Record/value priority

This determines the criteria that will be applied when selecting the best record/values. There are four methods for selecting which records/values to give priority to.

Most populated (default option)

Selects the record with the highest number of non-null column values. This option is essentially selecting the 'most complete' record without any regard to the quality of the data within it.

Total length
Selects the record/value that has the highest total character count (the length of the value in each column added together).

Score based
This is the most powerful and flexible of all the options - it's essentially a custom method for determining the priority of records/values. You identify a column which will contain a score for the record/value:

  • a numeric column - the record with the highest value will be selected
  • a column containing true/false values - the priority will be given to records with true values
  • a date column - the record with the latest date will be selected
  • a text column - values are sorted alphabetically, for example values beginning with 'B' are prioritized ahead of those starting with 'A'

The Lowest score first option allows you to flip the priority so that records with the lowest score (or that are false) are selected where possible.

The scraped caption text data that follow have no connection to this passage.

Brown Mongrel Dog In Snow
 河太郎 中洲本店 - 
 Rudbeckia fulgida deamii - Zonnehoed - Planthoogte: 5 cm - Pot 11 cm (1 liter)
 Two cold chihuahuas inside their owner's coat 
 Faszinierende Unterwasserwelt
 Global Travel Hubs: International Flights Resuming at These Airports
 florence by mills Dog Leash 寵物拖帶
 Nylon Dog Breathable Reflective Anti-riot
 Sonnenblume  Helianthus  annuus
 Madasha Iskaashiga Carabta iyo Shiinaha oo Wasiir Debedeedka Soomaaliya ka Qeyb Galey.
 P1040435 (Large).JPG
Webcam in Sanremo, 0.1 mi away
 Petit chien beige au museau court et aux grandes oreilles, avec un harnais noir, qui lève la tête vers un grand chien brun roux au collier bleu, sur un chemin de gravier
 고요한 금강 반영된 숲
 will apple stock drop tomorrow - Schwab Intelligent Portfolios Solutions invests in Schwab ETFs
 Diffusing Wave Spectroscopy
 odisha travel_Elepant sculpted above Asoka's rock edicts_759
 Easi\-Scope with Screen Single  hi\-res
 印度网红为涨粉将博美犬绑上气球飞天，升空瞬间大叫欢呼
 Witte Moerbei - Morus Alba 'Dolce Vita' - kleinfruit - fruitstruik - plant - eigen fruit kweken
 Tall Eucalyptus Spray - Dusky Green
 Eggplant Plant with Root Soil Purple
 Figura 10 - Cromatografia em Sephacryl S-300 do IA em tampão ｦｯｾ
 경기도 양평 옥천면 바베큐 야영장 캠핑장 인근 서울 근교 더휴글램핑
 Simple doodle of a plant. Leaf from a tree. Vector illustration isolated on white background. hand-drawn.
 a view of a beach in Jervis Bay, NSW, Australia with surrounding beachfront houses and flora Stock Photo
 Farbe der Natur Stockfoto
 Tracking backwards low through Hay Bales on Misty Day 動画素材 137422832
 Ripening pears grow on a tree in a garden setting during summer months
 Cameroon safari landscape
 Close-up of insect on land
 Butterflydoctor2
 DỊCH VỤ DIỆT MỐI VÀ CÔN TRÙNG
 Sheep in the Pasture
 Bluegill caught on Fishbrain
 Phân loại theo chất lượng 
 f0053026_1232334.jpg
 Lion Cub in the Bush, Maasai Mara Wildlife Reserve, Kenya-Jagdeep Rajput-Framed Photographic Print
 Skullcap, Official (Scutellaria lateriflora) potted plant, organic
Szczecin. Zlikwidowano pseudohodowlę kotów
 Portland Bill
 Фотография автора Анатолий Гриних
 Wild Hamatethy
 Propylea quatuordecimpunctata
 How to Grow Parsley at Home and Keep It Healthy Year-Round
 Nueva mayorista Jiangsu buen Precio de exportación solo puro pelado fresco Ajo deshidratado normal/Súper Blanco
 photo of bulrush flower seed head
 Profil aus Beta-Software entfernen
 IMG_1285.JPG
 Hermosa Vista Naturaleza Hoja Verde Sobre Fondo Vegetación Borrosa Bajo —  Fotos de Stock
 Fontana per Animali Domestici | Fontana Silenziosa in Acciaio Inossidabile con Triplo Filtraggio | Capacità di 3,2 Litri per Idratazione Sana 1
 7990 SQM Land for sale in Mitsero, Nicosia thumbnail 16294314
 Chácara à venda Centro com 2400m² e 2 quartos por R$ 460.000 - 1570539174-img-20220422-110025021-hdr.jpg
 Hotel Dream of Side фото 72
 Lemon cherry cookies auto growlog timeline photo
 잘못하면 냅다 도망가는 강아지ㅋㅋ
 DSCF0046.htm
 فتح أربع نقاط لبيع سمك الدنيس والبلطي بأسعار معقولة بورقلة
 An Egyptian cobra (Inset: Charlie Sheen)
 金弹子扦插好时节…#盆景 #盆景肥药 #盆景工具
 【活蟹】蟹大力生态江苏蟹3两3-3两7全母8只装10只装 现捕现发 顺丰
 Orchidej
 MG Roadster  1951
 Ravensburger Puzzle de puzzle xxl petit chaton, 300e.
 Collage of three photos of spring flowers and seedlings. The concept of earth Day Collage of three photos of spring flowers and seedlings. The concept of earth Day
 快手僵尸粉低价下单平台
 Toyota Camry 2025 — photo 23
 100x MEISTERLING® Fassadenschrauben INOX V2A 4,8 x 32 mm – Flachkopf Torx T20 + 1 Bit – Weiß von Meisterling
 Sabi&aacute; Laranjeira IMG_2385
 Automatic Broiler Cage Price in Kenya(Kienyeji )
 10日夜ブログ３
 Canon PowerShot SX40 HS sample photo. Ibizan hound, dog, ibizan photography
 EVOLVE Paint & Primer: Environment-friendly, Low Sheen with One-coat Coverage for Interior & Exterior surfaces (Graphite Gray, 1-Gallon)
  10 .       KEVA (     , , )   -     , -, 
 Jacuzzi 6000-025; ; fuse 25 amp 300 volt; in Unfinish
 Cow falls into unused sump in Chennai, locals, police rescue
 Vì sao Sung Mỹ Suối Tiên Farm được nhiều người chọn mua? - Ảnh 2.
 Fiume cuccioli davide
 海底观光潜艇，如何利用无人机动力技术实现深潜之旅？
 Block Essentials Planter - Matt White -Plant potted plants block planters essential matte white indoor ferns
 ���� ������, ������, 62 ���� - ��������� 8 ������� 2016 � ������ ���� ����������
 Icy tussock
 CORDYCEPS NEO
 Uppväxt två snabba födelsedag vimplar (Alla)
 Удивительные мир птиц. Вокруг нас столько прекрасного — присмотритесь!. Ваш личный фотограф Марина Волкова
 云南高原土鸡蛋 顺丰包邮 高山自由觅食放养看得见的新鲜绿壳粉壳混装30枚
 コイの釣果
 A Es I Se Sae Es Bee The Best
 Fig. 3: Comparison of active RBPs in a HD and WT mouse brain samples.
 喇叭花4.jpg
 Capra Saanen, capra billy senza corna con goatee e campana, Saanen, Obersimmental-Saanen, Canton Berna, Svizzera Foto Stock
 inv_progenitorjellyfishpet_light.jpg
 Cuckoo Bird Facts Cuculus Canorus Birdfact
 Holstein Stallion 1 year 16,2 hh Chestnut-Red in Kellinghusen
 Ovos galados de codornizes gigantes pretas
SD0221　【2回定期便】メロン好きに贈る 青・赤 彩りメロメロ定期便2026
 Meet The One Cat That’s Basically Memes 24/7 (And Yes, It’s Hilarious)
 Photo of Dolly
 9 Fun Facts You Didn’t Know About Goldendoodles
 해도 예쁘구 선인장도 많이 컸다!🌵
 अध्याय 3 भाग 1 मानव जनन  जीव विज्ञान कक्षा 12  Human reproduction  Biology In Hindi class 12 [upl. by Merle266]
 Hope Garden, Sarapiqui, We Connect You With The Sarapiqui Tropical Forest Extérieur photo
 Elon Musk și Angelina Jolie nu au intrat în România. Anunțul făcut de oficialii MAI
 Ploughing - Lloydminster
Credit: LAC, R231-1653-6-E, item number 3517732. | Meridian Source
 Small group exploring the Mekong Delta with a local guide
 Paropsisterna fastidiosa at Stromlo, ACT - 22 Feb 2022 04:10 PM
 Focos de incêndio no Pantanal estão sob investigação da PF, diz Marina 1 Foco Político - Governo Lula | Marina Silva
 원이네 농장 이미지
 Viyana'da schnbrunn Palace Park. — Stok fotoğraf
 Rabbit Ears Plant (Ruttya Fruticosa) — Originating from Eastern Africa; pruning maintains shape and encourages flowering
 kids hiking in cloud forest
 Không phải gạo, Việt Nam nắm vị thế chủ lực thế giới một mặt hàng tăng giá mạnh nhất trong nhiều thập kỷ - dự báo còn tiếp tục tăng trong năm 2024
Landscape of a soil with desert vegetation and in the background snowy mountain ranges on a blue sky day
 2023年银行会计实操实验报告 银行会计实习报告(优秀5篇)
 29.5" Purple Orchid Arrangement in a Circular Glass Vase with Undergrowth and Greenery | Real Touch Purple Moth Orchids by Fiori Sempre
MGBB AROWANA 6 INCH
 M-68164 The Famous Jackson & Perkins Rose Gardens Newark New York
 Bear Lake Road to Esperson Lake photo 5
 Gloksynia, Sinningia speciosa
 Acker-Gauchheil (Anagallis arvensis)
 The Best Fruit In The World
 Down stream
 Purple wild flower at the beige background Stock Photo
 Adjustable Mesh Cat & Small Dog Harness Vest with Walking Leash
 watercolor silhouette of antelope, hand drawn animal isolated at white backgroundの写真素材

Typically, a score column (or set of columns) will be added in a previous Transform step, where all of the power of Data Studio functions can be used to execute the business logic required to determine the suitability of a record or its values.

Example 1:
Your records contain a Date last updated column and you want the surviving record to be based on whichever record was updated the most recently. To do this, add a new Days since updated column in a Transform step and using the appropriate functions derive this value from the Date last updated column. This new column can now be used as the 'score' column.

Example 2:
You have a column indicating the source system for the record and you have a preference for certain systems in terms of the quality of the data they're likely to contain. A new 'score' column could be added that derives a score on the basis of the source system. You can apply even more complex rules, such as preferring different source systems for customer records from different categories or geographies.

Most common

When there are more than two records in a cluster and they contain inconsistent values, it often makes sense to choose the value that appears the highest number of times.

For independent columns, this is straightforward and the value that occurs most frequently within the column will be selected. However, processing multiple columns together is more complex. Firstly, the most common non-null value in the first column in the group is identified, then any rows that do not share the value are discarded. This is repeated on the second and the subsequent columns until a unique row has been identified.

Tie-breaking

The processing rules can always result in two records/values being tied (same number of non-null columns, same length values, same score, etc).

In this case, we first tie-break by using the Total length rule. If we're still tied after that, then we sort the values of the first column, then second, and so on, until we have a record at the top of the sorting.